What is causing this in this regex string?
完整字符串: ^(?:[a-zA-Z]\:\\|\\\\)([^\\\/\:\*\?\<\>\"\|]+(\\){0,1})+$
第一组: (?:[a-zA-Z]\:\\|\\\\)
- 检查其中一个
- 大写或小写字母,后跟冒号和反斜杠
- 双反斜杠
- Checks for either
- A capital or lowercase alphabetical letter followed by a colon and a backslash
- A double backslash
第二组:
([^\\\/\:\*\?\<\>\"\|]+(\\){0,1})
- 第一部分:
[^\\\/\:\*\?\<\>\"\|]+
- 确保没有非法字符(\/:*?<>" |)
- 根据需要多次检查节之间的反斜杠
我认为可能是导致问题的
{0, 1}
,因为这允许回溯,但我不确定.有什么想法吗?I think it may be the
{0, 1}
causing the issue since this allows for backtracking but I am not sure. Any thoughts?推荐答案
您当前的正则表达式可以写为
^(?:[a-zA-Z]:\\|\\\\)([^\\\/\:*?<>"|]+\\?)+$
:注意在?量词(等于 {0,1}
限制量词) >在+
量化组中.Your current regex can be written as
^(?:[a-zA-Z]:\\|\\\\)([^\\\/\:*?<>"|]+\\?)+$
: pay attention at the?
quantifier (it is equal to{0,1}
limiting quantifier) after\\
inside a+
quantified group.一旦在模式内部出现像
(a+b?)+
这样的模式,则很有可能发生灾难性的回溯.如果有匹配项,例如c:\12\34\aaaaaaaaaaaaaaaaaaa
匹配良好,一切都会很好出现不允许的字符,导致不匹配(尝试在末尾添加*
,c:\12\34\aaaaaaaaaaaaaaaaaaa*
),问题.Once such a pattern like
(a+b?)+
is present inside a pattern, there is a high chance of a catastrophical backtracking. Everything is nice when there is a match, say,c:\12\34\aaaaaaaaaaaaaaaaaaa
is matched fine, but once a char that is not allowed appears causing a no-match, (try adding*
at the end,c:\12\34\aaaaaaaaaaaaaaaaaaa*
), the issue will appear.为解决此问题,可以匹配相同文本的量化子模式不能立即连续跟随.并且在每个子模式都必须使用的可选组中启用了此功能.
To solve this, the quantified subpatterns that can match the same text cannot follow one another in immediate succession.
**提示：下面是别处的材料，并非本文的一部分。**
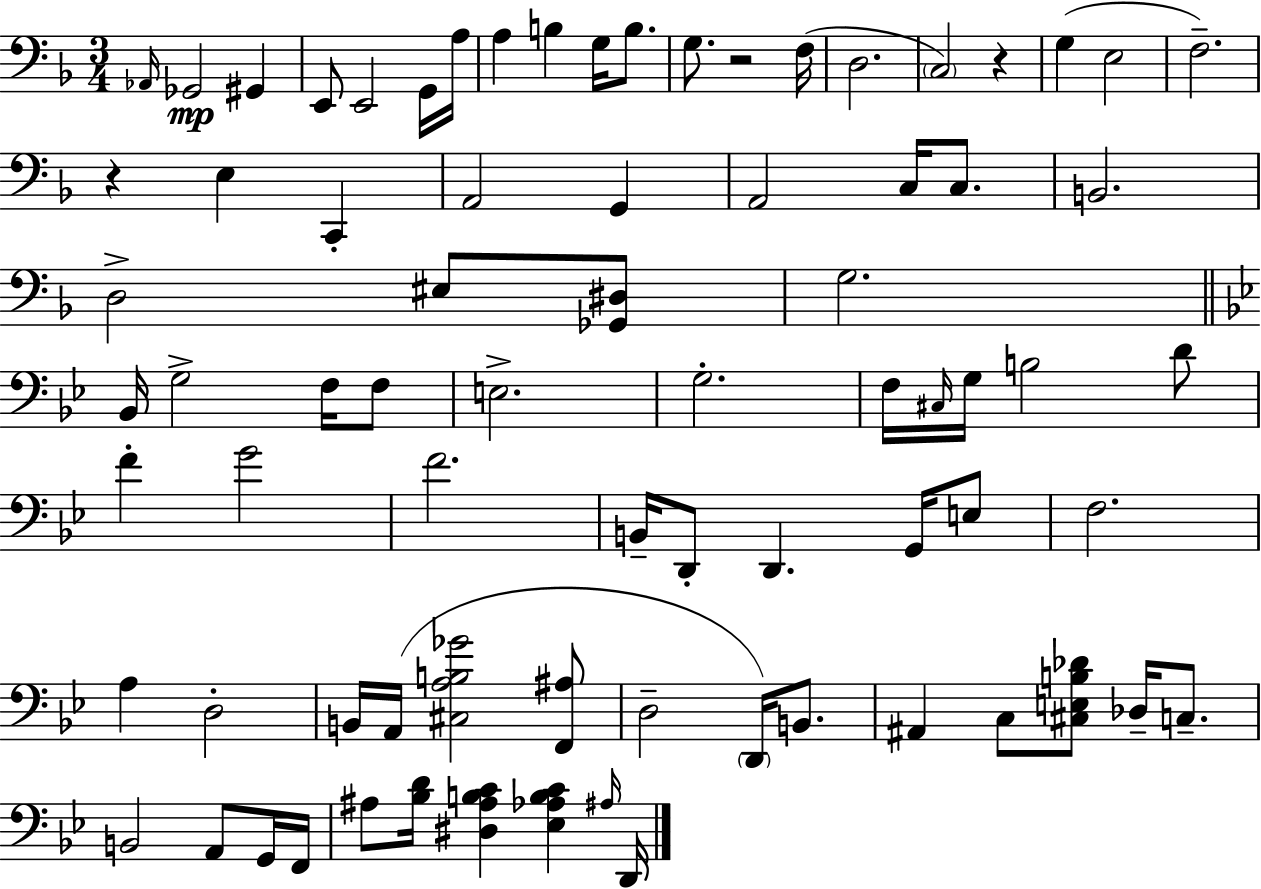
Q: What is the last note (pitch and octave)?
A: D2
And using optional groups where each subpattern is obligatory enables this.
在大多数情况下,您需要将这些模式部分替换为展开的
a+(ba+)*
(1个或多个出现的a
,然后是0个或多个序列的b
(本身不再是可选的)),然后是1或多次出现a
(因此,在一个a
和下一个a
之间必须有一个b
).如果您需要在末尾匹配一个可选的\
(因为^(a+b?)+$
实际上可能匹配字符串末尾的b
),则需要在末尾添加b?
:a+(ba+)*b?
.In most scenarios, you need to replace these pattern parts with unrolled
a+(ba+)*
(1 or more occurrences ofa
followed with 0 or more sequences ofb
(that is no longer optional by itself) and then 1 or more occurrences ofa
(so, between onea
and the nexta
there must be ab
). If you need to match an optional\
at the end (as^(a+b?)+$
actually may matchb
at the end of the string), you need to add ab?
at the end:a+(ba+)*b?
.因此,将其转换为您当前的情况:
So, translating this to your current scenario:
^(?:[a-zA-Z]:\\|\\\\)[^\\\/\:*?<>"|]+(?:\\[^\\\/\:*?<>"|]+)*$
,或者如果最后允许
\
:^(?:[a-zA-Z]:\\|\\\\)[^\\\/\:*?<>"|]+(?:\\[^\\\/\:*?<>"|]+)*\\?$ | a+ ( b a+ )* b?
查看在没有匹配项时正常失败的方式,或者
See how it fails gracefully upon a no match, or matches as expected.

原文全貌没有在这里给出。